I stand up and run around the table, knocking my chair over. I’m trying to remember the details of the Heimlich maneuver. And saying to myself,
No, not Heimlich, she’s bleeding
. And then telling myself,
Yes, but something’s stuck there
. So what I finally do is part Heimlich and part invention.
I pick her up and shift her around. It’s almost like handling a child, a child with scrawny shoulders and a projecting ribcage. I think,
Oh, my God, I hope I don’t break anything; her bones are bird bones only; here is a tiny frail rib, like a chicken
rib; here is a knobbed curve of backbone. And the blood; blood coming down her face and into the creases in my wrists
.
I turn her partly upside-down, concentrating hard, staring at the jug of flowers in the middle of the table. “Don’t swallow now,” I say, and move my hands into position on her diaphragm and lift her into the air, half upside-down, squeezing.

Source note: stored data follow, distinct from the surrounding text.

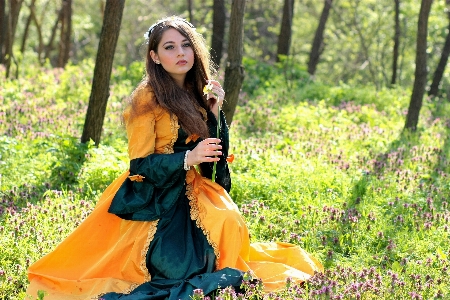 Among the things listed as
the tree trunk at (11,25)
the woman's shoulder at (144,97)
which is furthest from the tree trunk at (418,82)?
the tree trunk at (11,25)

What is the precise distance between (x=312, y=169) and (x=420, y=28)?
11.2ft

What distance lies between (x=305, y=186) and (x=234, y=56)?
165 cm

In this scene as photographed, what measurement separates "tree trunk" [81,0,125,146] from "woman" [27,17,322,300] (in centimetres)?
270

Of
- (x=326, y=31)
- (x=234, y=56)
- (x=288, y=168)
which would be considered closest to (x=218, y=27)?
(x=234, y=56)

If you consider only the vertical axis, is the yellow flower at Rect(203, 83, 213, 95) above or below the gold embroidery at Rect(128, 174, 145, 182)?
above

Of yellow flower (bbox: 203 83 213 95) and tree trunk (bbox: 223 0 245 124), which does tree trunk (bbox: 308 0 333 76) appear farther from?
yellow flower (bbox: 203 83 213 95)

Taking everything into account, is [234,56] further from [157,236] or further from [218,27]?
[218,27]

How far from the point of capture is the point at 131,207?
4312 millimetres

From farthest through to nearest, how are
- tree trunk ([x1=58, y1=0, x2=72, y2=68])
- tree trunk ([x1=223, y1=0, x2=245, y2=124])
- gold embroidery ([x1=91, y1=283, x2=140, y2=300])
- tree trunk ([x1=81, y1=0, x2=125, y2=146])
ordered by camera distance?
tree trunk ([x1=58, y1=0, x2=72, y2=68]) → tree trunk ([x1=81, y1=0, x2=125, y2=146]) → tree trunk ([x1=223, y1=0, x2=245, y2=124]) → gold embroidery ([x1=91, y1=283, x2=140, y2=300])

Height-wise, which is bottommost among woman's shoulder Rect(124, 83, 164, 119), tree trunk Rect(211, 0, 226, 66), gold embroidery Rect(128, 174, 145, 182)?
gold embroidery Rect(128, 174, 145, 182)

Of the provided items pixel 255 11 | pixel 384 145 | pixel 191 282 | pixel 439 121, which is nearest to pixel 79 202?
pixel 191 282

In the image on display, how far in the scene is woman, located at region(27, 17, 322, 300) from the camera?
4.17 meters

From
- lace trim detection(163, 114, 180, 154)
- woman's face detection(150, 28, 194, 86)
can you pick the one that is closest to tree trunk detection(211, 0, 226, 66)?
woman's face detection(150, 28, 194, 86)

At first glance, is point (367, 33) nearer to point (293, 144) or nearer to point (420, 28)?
point (420, 28) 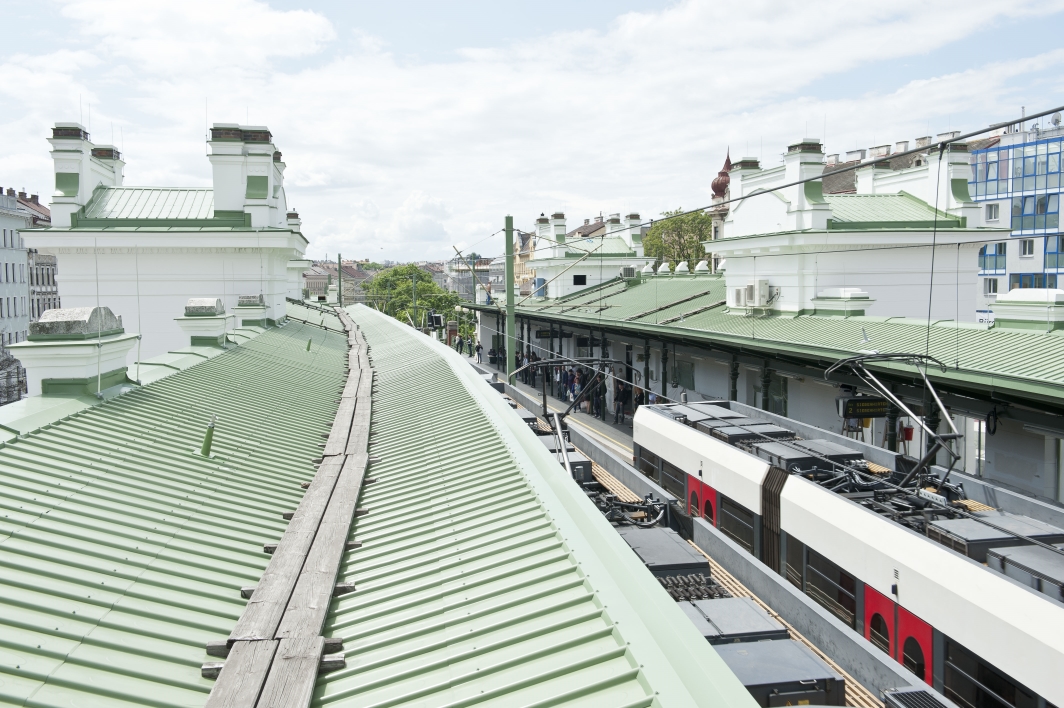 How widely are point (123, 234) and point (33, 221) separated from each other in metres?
50.3

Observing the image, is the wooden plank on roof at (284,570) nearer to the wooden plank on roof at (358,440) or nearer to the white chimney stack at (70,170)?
the wooden plank on roof at (358,440)

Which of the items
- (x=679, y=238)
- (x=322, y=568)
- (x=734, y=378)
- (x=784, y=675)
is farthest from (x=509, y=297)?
(x=679, y=238)

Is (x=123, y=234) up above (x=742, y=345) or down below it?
above

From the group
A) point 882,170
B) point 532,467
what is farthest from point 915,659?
point 882,170

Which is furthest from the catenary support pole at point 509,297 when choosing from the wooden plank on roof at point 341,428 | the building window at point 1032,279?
the building window at point 1032,279

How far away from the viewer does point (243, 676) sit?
464 centimetres

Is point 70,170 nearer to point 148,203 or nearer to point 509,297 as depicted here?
point 148,203

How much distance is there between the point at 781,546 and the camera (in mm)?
12695

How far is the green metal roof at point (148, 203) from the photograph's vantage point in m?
23.7

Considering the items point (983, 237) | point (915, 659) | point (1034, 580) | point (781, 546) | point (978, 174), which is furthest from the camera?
point (978, 174)

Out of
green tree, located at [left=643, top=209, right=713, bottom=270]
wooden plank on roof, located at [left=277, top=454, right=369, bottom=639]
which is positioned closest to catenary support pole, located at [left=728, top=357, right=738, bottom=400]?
wooden plank on roof, located at [left=277, top=454, right=369, bottom=639]

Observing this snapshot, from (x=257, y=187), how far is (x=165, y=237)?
317cm

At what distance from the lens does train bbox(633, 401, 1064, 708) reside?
Answer: 301 inches

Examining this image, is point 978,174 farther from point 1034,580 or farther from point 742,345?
point 1034,580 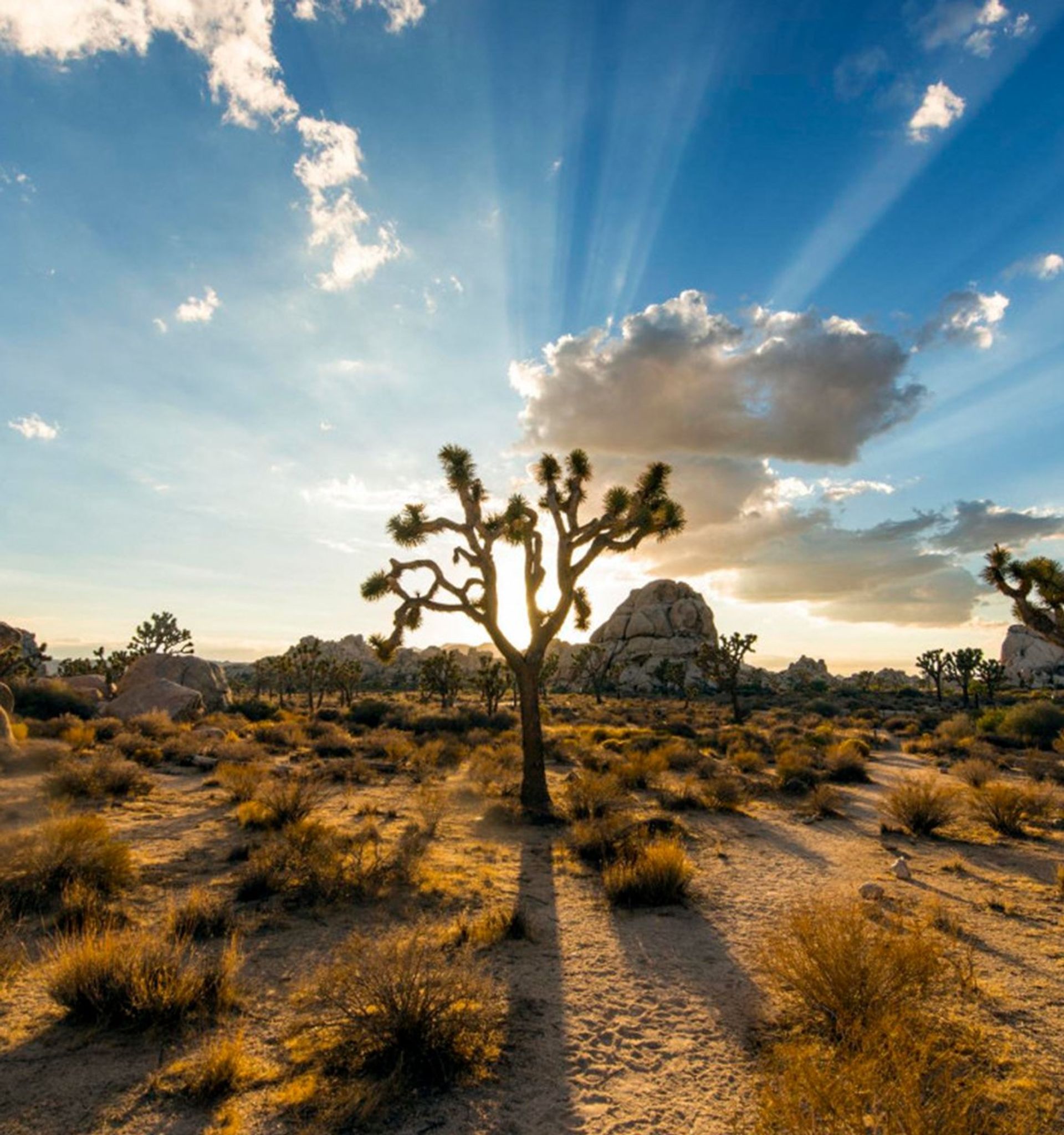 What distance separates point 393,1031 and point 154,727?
69.3 ft

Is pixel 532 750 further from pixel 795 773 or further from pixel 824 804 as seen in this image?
pixel 795 773

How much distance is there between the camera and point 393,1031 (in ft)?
14.0

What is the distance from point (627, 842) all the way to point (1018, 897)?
5049 mm

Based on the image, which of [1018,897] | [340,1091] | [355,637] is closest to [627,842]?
[1018,897]

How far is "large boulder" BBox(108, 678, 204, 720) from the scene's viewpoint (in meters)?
26.7

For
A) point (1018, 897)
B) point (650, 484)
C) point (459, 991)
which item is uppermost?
point (650, 484)

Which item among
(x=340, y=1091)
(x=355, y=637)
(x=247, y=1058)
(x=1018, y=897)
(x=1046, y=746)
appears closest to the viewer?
(x=340, y=1091)

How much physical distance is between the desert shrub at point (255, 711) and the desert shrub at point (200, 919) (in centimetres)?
2653

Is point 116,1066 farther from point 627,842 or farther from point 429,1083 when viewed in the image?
point 627,842

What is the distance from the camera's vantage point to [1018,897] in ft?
26.2

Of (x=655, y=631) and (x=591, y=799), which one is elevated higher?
(x=655, y=631)

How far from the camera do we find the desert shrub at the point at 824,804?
42.7ft

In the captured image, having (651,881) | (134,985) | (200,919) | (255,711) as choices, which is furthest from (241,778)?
(255,711)

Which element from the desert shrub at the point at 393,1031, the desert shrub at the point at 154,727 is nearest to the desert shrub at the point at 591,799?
the desert shrub at the point at 393,1031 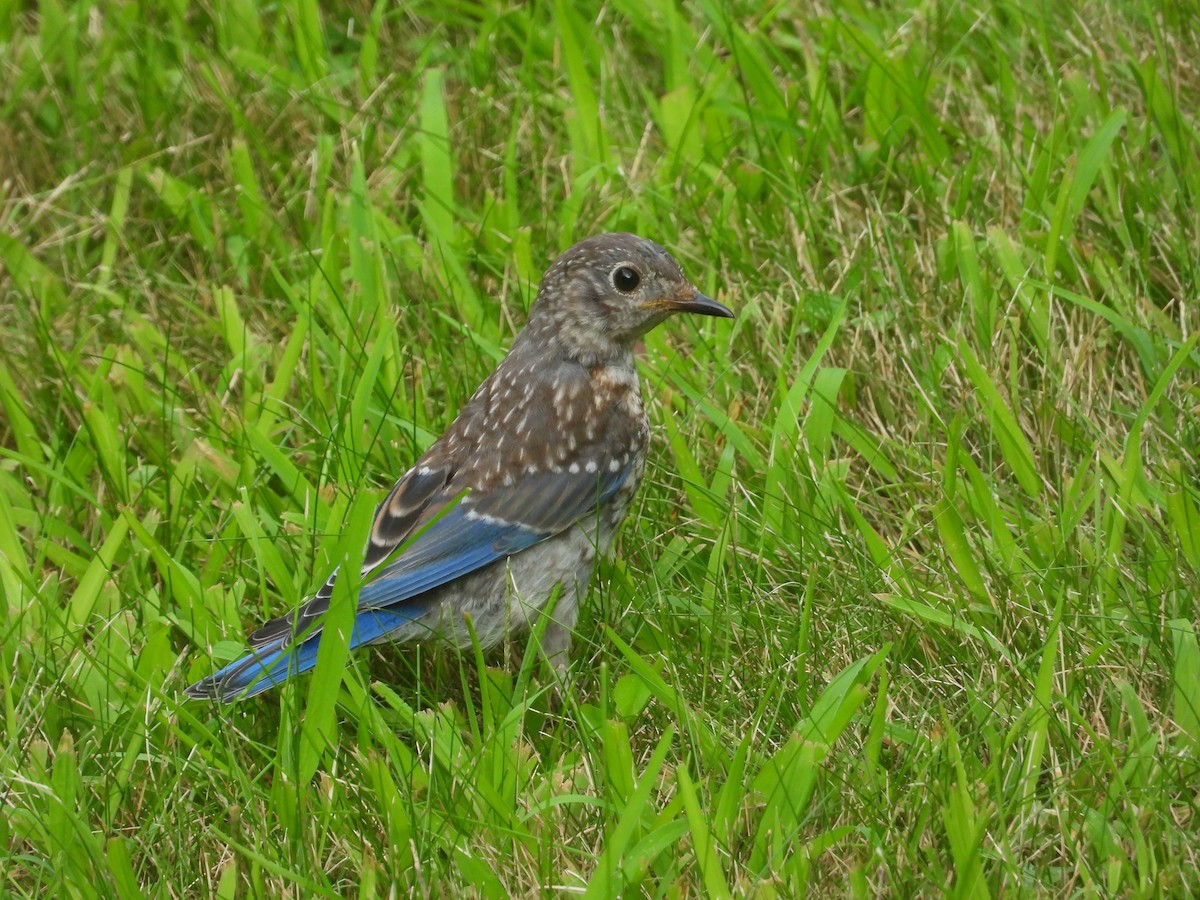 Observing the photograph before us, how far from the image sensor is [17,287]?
6.01 meters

Behind me the dining room gets silent. Maybe my ears have clogged up, but the room seems to get totally still, and then there is the explosion of a lot of chair-scraping and feet coming our way. But I can’t pay attention to that. Mrs. Dexter pats the air; her little rump presses into my chest; the rest of her body hangs rigid and tensed, black-shod feet pointing outward, everything hanging from my squeezing hands. But finally she coughs, an awful, painful noise, wrenching, as if some part of her throat is coming up. It sounds final, as if she can never do that again. I turn her around and lay her on her back.
A couple of waitresses have materialized nervously behind me. I feel them but don’t even look up at them; I’m busy.
“Now don’t bite me, for God’s sake,” I say, kneeling over her. And winch and wangle her mouth open. She is good about the way I maul her; it’s hard not to gag when someone does this to you.
A lot of blood has puddled under her soft palate. I feel something—a sudden triangular wedge of sharpness. I get a finger underneath and catch the sharp thing; she gags, but I’ve pulled this little sharp bit forward. Then I turn her over onto her face, and she spits the sharp object out, along with a gush of blood and oyster and moaning.
A lot of people are standing around us now, including a waitress who says, “Oh, my God, oh, my God,” over and over.
I reach for Mrs. Dexter’s napkin and wipe her face. “Oh,” she’s saying, “oh, oh,” drawing in a harsh, bubbling breath each time.
“You were wonderful, wonderful,” I tell her, “Jesus X that must have hurt. Oh, poor Mrs. D.” I bend over and kiss her on her poor quivering blood-smeared cheek.
I’m not sure what makes me pick that fragment of sharpness out of the blood and oyster mess on the floor and put it in my pocket. I tell myself something like,
If the infirmary wants to see it, I’ll show them, but meanwhile I’m taking charge
. I thought at first it must be a piece of oyster shell, but now, as I feel in my pocket, it seems more like a piece of glass.